Now that we’ve loaded our model, we can generate a random vector.

`seeds`, as used in the StyleGAN model, refer to a random seed value. This allows us to generate the same random values every time as long as the seed value is the same.

`G.z_dim` in most cases is 512 (This can be customized, hence why we pull it directly from the model)

In [None]:
seed = 3923
z = np.random.RandomState(seed).randn(1, G.z_dim) 

print(z)

Next, we’ll load this vector into PyTorch.

In [None]:
z = torch.from_numpy(z).to(device)

Now we can generate an image from the vector

In [None]:
truncation_psi = 1
noise_mode = 'const' # 'const', 'random', 'none'
outdir = '/content/drive/MyDrive/GDL-studies/ERN-FUFI/02-09-2021'

# make sure our output directory exists
os.makedirs(outdir, exist_ok=True)

# label is for class-based models. Let's assume we're not doing that here.
label = torch.zeros([1, G.c_dim], device=device)
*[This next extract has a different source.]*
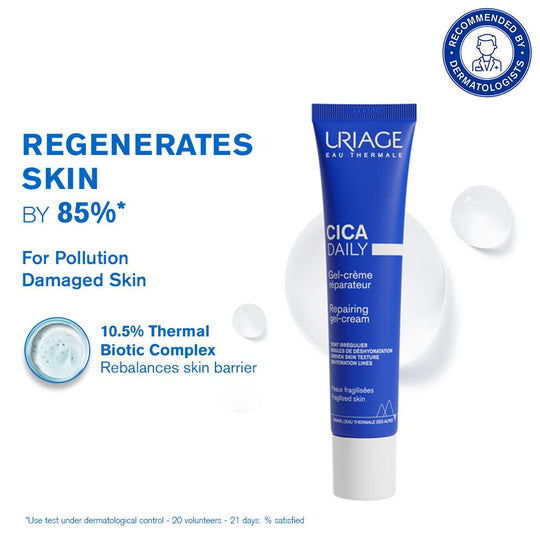 Uriage Cica-Daily Repairing Gel Face Cream Rejuvenates Skin Centella Asiatica Hyaluronic Acid Cu-Zn, 40ml, Buy from Indicrest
img = G(z, label, truncation_psi=truncation_psi, noise_mode=noise_mode)
print(img)
img = (img.permute(0, 2, 3, 1) * 127.5 + 128).clamp(0, 255).to(torch.uint8)
print(img)
PIL.Image.fromarray(img[0].cpu().numpy(), 'RGB').save(f'{outdir}/seed{seed:04d}_1_0_random.png')

## Linear Interpolation

Let’s look at how to interpolate between zs.

We’ll start by defining a lerp function.

`z[0]*t + z[1]*(1-t)` where t is time (or steps between each z)

In [None]:
def lerp(zs, steps):
    out = []
    for i in range(len(zs)-1):
        for index in range(steps):
            t = index/float(steps)
            out.append(zs[i+1]*t + zs[i]*(1-t))
    return out

Now let’s create two z vectors, then create the lerp vectors, then render them all as images:

In [None]:
z1 = np.random.RandomState(20).randn(1, G.z_dim)
z2 = np.random.RandomState(100).randn(1, G.z_dim)

frame_zs = lerp([z1,z2], 72)

print('how many lerp frames? ',len(frame_zs))

outdir = '/content/output-frames/'
os.makedirs(outdir, exist_ok=True)

# label is still 0
label = torch.zeros([1, G.c_dim], device=device)

for idx, z in enumerate(frame_zs):
    z = torch.from_numpy(z).to(device)
    print('Generating frame %d/%d' % (idx, len(frame_zs)))
    img = G(z, label, truncation_psi=truncation_psi, noise_mode=noise_mode)
    img = (img.permute(0, 2, 3, 1) * 127.5 + 128).clamp(0, 255).to(torch.uint8)
    PIL.Image.fromarray(img[0].cpu().numpy(), 'RGB').save(f'{outdir}/frame-{idx:04d}.png')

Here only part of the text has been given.